● **Try it**
Transcribe the data exactly.

╭─ Data to process

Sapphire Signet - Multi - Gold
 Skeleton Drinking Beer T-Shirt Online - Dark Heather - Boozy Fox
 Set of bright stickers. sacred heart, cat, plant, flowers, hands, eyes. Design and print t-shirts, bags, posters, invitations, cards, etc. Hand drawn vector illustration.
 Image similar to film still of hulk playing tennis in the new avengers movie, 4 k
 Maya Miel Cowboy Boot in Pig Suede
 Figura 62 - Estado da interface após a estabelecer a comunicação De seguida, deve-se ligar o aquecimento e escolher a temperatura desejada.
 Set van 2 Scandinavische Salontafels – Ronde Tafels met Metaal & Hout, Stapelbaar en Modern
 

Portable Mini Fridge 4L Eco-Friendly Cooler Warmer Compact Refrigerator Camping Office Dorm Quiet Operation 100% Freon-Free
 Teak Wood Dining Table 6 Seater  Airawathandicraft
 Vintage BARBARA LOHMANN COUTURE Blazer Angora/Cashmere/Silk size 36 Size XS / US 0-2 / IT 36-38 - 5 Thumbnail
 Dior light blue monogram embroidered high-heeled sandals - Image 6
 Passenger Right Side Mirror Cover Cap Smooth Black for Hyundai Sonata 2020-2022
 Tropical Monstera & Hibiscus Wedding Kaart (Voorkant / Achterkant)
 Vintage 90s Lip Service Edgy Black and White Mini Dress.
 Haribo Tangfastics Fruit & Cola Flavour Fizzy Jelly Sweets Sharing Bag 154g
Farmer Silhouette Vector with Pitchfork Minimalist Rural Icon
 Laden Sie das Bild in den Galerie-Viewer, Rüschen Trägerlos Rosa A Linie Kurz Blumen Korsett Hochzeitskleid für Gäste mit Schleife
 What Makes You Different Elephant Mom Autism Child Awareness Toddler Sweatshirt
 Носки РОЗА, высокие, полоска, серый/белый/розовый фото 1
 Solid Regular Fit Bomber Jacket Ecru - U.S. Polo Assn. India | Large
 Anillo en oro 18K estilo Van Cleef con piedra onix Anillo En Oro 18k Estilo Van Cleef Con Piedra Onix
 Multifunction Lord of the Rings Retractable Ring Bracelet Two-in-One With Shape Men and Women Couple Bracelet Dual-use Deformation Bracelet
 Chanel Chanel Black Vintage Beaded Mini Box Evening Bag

╰─

● **Problem solution**
Sapphire Signet - Multi - Gold
 Skeleton Drinking Beer T-Shirt Online - Dark Heather - Boozy Fox
 Set of bright stickers. sacred heart, cat, plant, flowers, hands, eyes. Design and print t-shirts, bags, posters, invitations, cards, etc. Hand drawn vector illustration.
 Image similar to film still of hulk playing tennis in the new avengers movie, 4 k
 Maya Miel Cowboy Boot in Pig Suede
 Figura 62 - Estado da interface após a estabelecer a comunicação De seguida, deve-se ligar o aquecimento e escolher a temperatura desejada.
 Set van 2 Scandinavische Salontafels – Ronde Tafels met Metaal & Hout, Stapelbaar en Modern
 

Portable Mini Fridge 4L Eco-Friendly Cooler Warmer Compact Refrigerator Camping Office Dorm Quiet Operation 100% Freon-Free
 Teak Wood Dining Table 6 Seater  Airawathandicraft
 Vintage BARBARA LOHMANN COUTURE Blazer Angora/Cashmere/Silk size 36 Size XS / US 0-2 / IT 36-38 - 5 Thumbnail
 Dior light blue monogram embroidered high-heeled sandals - Image 6
 Passenger Right Side Mirror Cover Cap Smooth Black for Hyundai Sonata 2020-2022
 Tropical Monstera & Hibiscus Wedding Kaart (Voorkant / Achterkant)
 Vintage 90s Lip Service Edgy Black and White Mini Dress.
 Haribo Tangfastics Fruit & Cola Flavour Fizzy Jelly Sweets Sharing Bag 154g
Farmer Silhouette Vector with Pitchfork Minimalist Rural Icon
 Laden Sie das Bild in den Galerie-Viewer, Rüschen Trägerlos Rosa A Linie Kurz Blumen Korsett Hochzeitskleid für Gäste mit Schleife
 What Makes You Different Elephant Mom Autism Child Awareness Toddler Sweatshirt
 Носки РОЗА, высокие, полоска, серый/белый/розовый фото 1
 Solid Regular Fit Bomber Jacket Ecru - U.S. Polo Assn. India | Large
 Anillo en oro 18K estilo Van Cleef con piedra onix Anillo En Oro 18k Estilo Van Cleef Con Piedra Onix
 Multifunction Lord of the Rings Retractable Ring Bracelet Two-in-One With Shape Men and Women Couple Bracelet Dual-use Deformation Bracelet
 Chanel Chanel Black Vintage Beaded Mini Box Evening Bag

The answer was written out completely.